Problem to work on
This exercise requires an exact output of the listing, images omitted.

Data
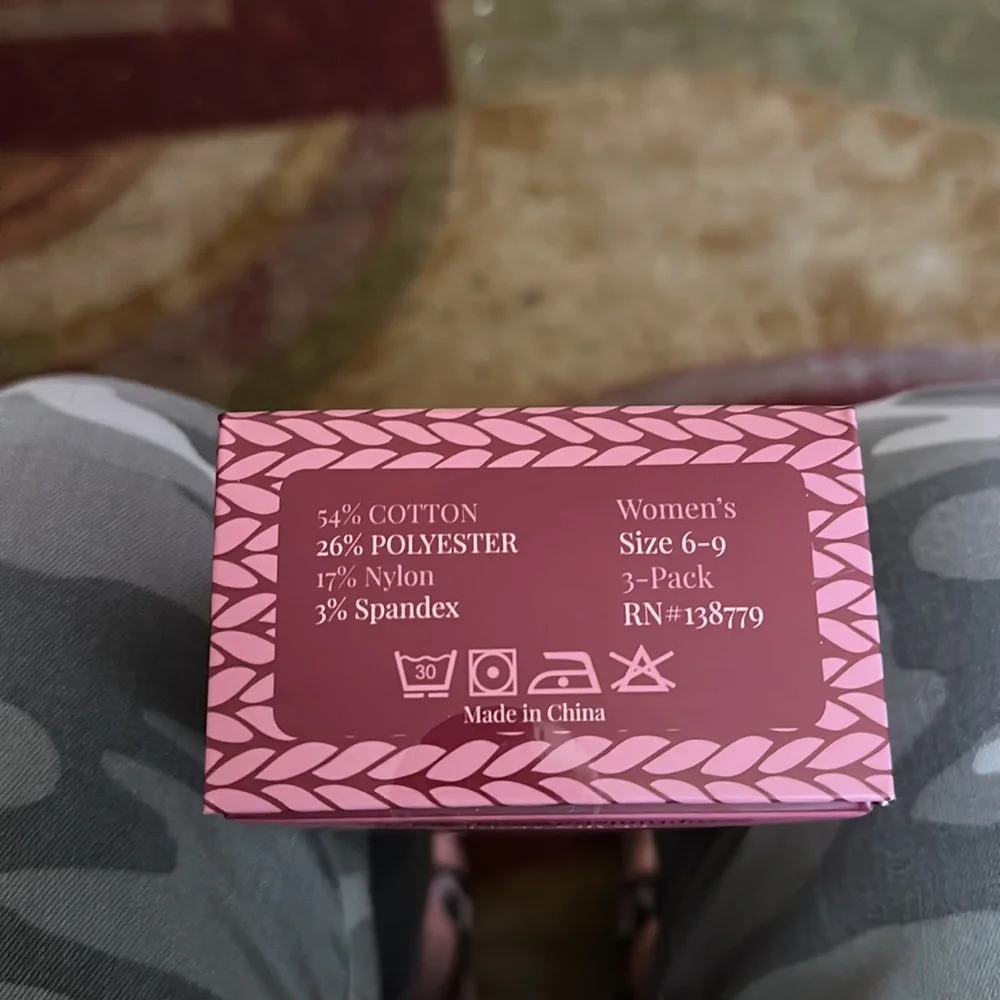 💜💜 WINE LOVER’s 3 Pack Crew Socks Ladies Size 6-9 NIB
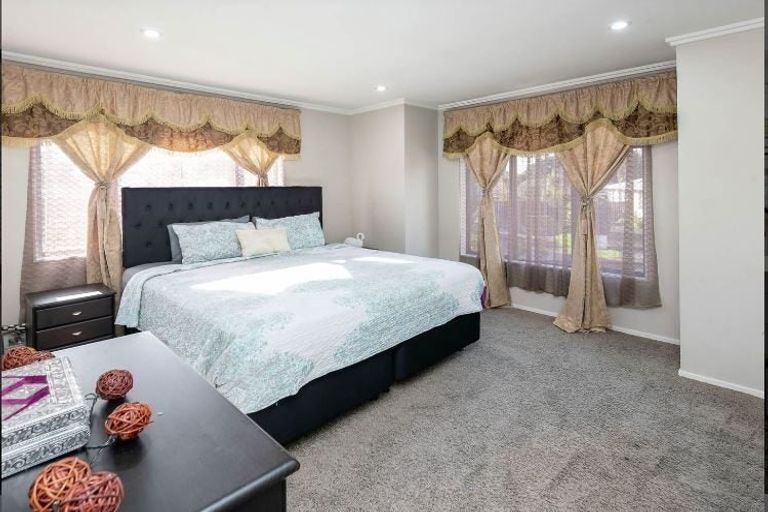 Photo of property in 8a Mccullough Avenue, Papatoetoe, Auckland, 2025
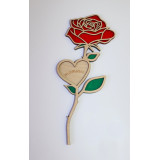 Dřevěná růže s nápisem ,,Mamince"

Problem solution
 💜💜 WINE LOVER’s 3 Pack Crew Socks Ladies Size 6-9 NIB
 Photo of property in 8a Mccullough Avenue, Papatoetoe, Auckland, 2025
 Dřevěná růže s nápisem ,,Mamince"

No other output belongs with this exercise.